**** MATERIAL SHOWN ****
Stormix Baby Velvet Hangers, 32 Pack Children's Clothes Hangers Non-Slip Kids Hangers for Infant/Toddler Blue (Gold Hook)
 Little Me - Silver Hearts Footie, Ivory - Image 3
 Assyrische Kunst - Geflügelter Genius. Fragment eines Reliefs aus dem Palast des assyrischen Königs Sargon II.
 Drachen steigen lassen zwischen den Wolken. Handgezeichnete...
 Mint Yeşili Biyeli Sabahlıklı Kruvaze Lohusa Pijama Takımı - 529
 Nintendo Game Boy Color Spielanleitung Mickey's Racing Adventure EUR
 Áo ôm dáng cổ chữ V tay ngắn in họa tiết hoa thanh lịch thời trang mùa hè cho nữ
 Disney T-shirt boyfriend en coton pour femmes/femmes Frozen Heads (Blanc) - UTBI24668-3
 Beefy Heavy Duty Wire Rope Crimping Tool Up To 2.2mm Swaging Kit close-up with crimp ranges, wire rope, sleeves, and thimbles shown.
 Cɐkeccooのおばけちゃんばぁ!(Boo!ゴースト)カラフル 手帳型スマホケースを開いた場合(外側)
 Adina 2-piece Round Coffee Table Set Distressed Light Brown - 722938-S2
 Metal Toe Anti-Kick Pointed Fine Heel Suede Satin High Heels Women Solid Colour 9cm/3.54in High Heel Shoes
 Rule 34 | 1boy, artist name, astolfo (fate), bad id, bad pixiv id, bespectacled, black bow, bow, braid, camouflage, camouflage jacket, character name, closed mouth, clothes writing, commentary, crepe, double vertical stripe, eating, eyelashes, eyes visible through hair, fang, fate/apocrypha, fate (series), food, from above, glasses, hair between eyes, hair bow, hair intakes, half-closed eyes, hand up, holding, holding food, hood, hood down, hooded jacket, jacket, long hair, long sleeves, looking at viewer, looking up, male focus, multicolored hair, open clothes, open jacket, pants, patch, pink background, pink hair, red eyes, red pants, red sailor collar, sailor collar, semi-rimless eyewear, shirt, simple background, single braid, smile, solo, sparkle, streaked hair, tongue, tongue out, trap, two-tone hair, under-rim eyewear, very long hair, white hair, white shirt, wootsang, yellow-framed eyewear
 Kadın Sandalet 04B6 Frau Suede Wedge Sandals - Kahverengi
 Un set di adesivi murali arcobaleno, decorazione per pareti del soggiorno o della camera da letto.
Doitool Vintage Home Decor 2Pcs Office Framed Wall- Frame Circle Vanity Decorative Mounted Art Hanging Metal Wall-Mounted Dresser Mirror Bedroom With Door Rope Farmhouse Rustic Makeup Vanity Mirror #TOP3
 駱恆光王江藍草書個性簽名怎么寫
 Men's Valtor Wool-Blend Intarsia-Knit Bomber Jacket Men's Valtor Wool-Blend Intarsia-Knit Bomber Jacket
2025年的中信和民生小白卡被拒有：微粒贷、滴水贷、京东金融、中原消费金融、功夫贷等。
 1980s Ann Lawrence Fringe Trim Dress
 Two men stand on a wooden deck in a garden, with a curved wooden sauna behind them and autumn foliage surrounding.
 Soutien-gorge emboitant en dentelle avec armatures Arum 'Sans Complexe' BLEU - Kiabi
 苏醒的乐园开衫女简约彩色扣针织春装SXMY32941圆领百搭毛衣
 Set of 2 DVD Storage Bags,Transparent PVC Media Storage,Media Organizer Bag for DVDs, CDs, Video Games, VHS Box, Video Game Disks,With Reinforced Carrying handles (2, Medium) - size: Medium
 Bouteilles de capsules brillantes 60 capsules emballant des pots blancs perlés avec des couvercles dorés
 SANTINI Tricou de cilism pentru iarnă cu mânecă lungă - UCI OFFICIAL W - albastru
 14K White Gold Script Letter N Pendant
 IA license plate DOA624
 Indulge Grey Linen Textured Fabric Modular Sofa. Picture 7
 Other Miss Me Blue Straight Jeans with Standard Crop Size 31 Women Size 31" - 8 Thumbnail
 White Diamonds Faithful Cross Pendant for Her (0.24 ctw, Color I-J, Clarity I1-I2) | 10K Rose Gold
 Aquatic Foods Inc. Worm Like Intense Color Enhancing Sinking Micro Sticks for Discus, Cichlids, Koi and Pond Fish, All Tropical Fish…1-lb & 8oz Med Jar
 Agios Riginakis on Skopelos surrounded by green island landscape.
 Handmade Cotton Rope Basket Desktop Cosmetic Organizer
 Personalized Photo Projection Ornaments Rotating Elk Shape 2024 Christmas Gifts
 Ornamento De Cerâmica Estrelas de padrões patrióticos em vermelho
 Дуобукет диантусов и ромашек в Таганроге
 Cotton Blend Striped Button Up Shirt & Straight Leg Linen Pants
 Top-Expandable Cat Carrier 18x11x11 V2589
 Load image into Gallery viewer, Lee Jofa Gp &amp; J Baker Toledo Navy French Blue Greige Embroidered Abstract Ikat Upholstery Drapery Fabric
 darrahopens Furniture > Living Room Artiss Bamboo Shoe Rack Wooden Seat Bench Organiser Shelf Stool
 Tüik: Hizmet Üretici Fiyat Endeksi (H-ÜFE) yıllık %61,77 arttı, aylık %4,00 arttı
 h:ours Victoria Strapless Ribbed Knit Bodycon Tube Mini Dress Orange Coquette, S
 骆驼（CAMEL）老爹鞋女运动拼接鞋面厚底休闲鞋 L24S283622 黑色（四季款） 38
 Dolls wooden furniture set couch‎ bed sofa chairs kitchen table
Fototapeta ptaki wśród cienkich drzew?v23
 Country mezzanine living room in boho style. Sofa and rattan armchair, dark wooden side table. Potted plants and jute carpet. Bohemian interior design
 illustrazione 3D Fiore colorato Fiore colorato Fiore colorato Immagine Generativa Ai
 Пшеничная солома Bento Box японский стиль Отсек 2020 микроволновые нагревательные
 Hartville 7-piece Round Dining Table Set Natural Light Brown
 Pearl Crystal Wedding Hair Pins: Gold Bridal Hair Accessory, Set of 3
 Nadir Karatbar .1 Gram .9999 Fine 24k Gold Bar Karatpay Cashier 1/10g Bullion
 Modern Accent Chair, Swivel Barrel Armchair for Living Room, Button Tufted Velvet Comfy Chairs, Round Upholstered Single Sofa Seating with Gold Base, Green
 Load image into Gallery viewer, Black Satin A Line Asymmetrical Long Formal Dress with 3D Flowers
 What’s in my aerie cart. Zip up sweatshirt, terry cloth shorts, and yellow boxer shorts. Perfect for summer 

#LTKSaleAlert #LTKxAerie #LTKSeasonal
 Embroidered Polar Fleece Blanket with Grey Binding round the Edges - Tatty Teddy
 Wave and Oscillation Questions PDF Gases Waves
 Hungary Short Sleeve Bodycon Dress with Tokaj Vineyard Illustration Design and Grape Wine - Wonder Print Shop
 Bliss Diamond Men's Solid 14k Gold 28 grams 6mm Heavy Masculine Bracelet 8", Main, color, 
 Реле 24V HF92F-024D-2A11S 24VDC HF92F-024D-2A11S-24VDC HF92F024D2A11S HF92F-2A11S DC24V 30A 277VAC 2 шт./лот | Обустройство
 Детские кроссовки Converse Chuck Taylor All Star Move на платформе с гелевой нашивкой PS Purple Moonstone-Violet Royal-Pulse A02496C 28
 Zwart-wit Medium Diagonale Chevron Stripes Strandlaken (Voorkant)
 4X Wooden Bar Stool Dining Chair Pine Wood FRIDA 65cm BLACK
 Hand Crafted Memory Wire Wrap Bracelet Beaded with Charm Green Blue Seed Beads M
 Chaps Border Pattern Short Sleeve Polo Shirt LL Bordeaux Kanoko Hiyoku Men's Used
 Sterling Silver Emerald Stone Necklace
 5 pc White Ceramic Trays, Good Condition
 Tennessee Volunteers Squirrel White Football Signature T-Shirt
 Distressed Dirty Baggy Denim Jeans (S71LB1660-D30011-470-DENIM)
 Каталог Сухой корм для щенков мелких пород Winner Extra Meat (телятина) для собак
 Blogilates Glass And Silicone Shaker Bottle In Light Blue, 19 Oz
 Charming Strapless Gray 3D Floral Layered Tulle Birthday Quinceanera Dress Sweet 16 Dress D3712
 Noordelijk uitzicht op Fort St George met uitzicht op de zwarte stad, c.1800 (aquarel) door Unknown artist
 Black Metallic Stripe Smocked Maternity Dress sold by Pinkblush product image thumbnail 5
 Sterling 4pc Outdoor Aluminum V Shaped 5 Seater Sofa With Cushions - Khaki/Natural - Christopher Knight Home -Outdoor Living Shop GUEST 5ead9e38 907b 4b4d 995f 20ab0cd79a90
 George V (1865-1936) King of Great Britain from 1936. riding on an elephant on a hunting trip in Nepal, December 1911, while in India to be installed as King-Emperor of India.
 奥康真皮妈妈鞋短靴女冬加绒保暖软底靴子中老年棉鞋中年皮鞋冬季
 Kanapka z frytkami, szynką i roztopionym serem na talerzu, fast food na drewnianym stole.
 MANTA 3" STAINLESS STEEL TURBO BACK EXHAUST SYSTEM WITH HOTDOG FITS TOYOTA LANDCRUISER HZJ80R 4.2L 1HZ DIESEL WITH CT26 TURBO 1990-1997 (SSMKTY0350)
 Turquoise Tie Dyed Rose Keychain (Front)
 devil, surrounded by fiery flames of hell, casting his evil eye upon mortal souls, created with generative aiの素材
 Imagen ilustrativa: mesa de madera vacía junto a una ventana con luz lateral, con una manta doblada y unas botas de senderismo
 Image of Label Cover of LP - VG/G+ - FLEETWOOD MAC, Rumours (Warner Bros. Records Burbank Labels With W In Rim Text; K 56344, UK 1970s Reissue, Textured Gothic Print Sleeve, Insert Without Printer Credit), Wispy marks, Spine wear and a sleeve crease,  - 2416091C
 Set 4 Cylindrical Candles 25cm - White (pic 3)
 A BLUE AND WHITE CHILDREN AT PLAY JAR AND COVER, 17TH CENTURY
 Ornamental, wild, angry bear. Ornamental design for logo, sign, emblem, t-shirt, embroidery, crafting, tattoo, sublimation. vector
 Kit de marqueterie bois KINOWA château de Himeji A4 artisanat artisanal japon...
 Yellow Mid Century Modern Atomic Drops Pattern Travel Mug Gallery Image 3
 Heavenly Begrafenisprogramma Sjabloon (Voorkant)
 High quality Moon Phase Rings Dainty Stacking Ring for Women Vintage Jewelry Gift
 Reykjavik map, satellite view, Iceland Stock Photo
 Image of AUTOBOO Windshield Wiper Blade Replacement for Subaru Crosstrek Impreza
****
Please transcribe only the lines in the records above running from the line that has "2025年的中信和民生小白卡" through the line that has "Fototapeta ptaki wśród cienkich drzew?v23", both included, exactly as they appear.

▶ [COMPLETED TASK]
2025年的中信和民生小白卡被拒有：微粒贷、滴水贷、京东金融、中原消费金融、功夫贷等。
 1980s Ann Lawrence Fringe Trim Dress
 Two men stand on a wooden deck in a garden, with a curved wooden sauna behind them and autumn foliage surrounding.
 Soutien-gorge emboitant en dentelle avec armatures Arum 'Sans Complexe' BLEU - Kiabi
 苏醒的乐园开衫女简约彩色扣针织春装SXMY32941圆领百搭毛衣
 Set of 2 DVD Storage Bags,Transparent PVC Media Storage,Media Organizer Bag for DVDs, CDs, Video Games, VHS Box, Video Game Disks,With Reinforced Carrying handles (2, Medium) - size: Medium
 Bouteilles de capsules brillantes 60 capsules emballant des pots blancs perlés avec des couvercles dorés
 SANTINI Tricou de cilism pentru iarnă cu mânecă lungă - UCI OFFICIAL W - albastru
 14K White Gold Script Letter N Pendant
 IA license plate DOA624
 Indulge Grey Linen Textured Fabric Modular Sofa. Picture 7
 Other Miss Me Blue Straight Jeans with Standard Crop Size 31 Women Size 31" - 8 Thumbnail
 White Diamonds Faithful Cross Pendant for Her (0.24 ctw, Color I-J, Clarity I1-I2) | 10K Rose Gold
 Aquatic Foods Inc. Worm Like Intense Color Enhancing Sinking Micro Sticks for Discus, Cichlids, Koi and Pond Fish, All Tropical Fish…1-lb & 8oz Med Jar
 Agios Riginakis on Skopelos surrounded by green island landscape.
 Handmade Cotton Rope Basket Desktop Cosmetic Organizer
 Personalized Photo Projection Ornaments Rotating Elk Shape 2024 Christmas Gifts
 Ornamento De Cerâmica Estrelas de padrões patrióticos em vermelho
 Дуобукет диантусов и ромашек в Таганроге
 Cotton Blend Striped Button Up Shirt & Straight Leg Linen Pants
 Top-Expandable Cat Carrier 18x11x11 V2589
 Load image into Gallery viewer, Lee Jofa Gp &amp; J Baker Toledo Navy French Blue Greige Embroidered Abstract Ikat Upholstery Drapery Fabric
 darrahopens Furniture > Living Room Artiss Bamboo Shoe Rack Wooden Seat Bench Organiser Shelf Stool
 Tüik: Hizmet Üretici Fiyat Endeksi (H-ÜFE) yıllık %61,77 arttı, aylık %4,00 arttı
 h:ours Victoria Strapless Ribbed Knit Bodycon Tube Mini Dress Orange Coquette, S
 骆驼（CAMEL）老爹鞋女运动拼接鞋面厚底休闲鞋 L24S283622 黑色（四季款） 38
 Dolls wooden furniture set couch‎ bed sofa chairs kitchen table
Fototapeta ptaki wśród cienkich drzew?v23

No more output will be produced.